Beneath this sentence is a listing. Return its lines from the one containing "Aztec Hydraulics 1732" through the last, exactly, and omit the pictures.

→ INFORMATION SUPPLIED:
_ _ _ _
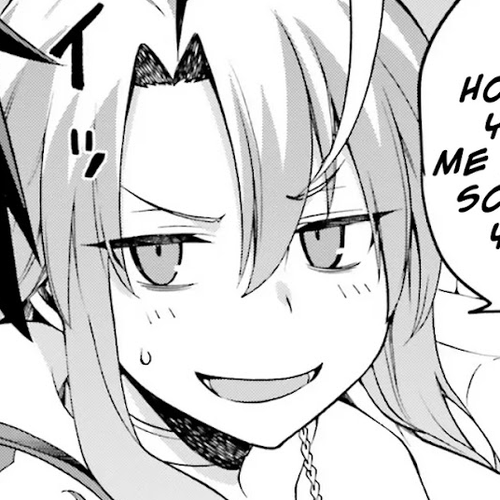 Combatants Will Be Dispatched! Chapter 24 cover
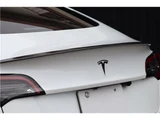2022 Tesla Model 3 Model 3 RWD White Sedan for sale, Japanese used car export - photo 36 of 46 | GULJI TRADERS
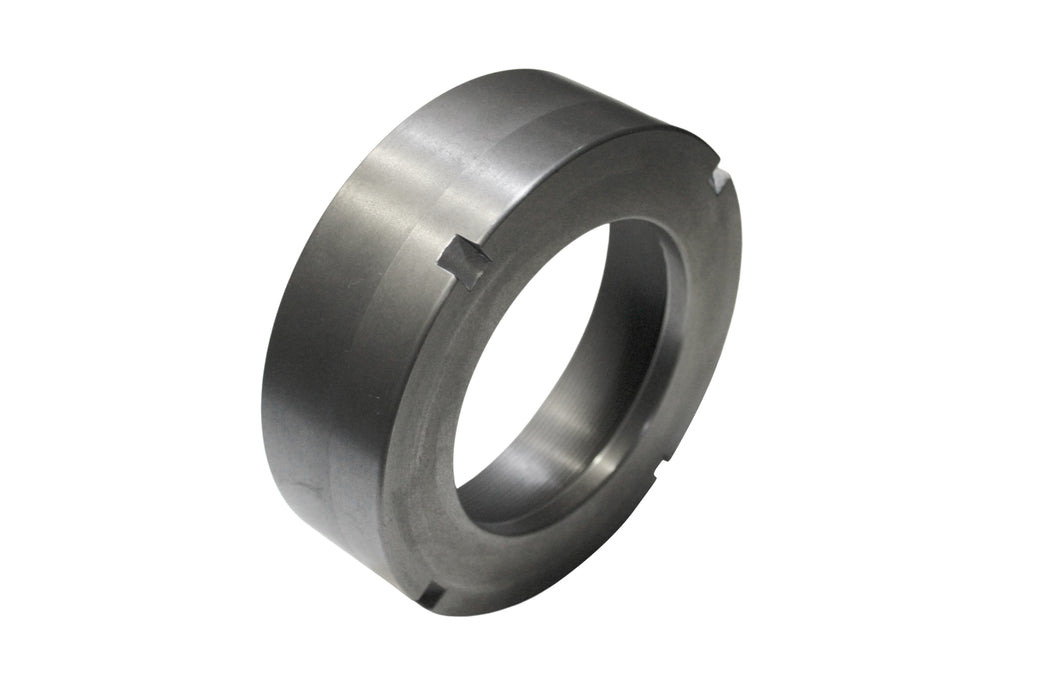 Aztec Hydraulics 1732 - Fastener - Retaining Ring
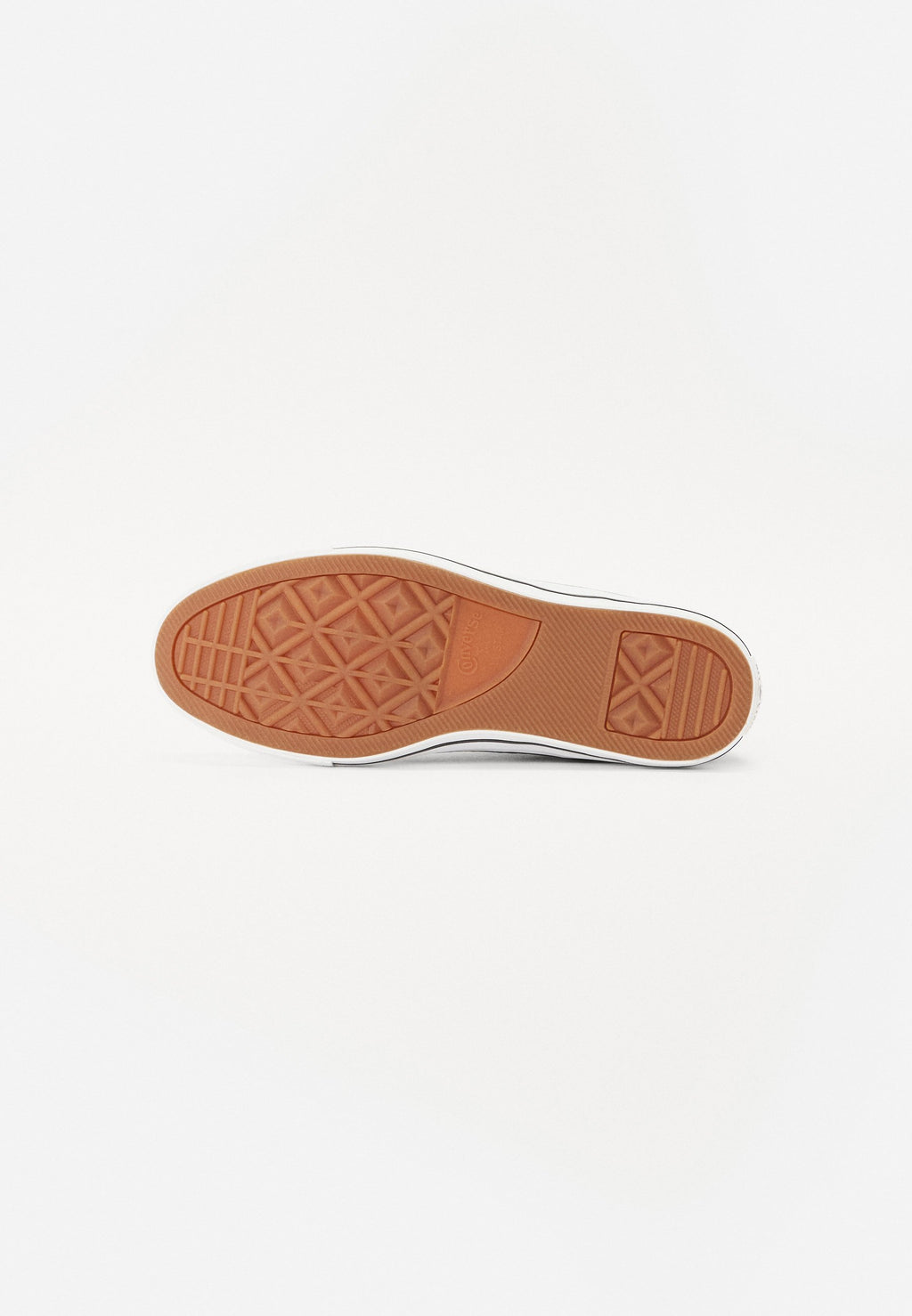 Converse CHUCK TAYLOR UNISEX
_ _ _ _
→ OUTPUT OF THE EXERCISE:
 Aztec Hydraulics 1732 - Fastener - Retaining Ring
 Converse CHUCK TAYLOR UNISEX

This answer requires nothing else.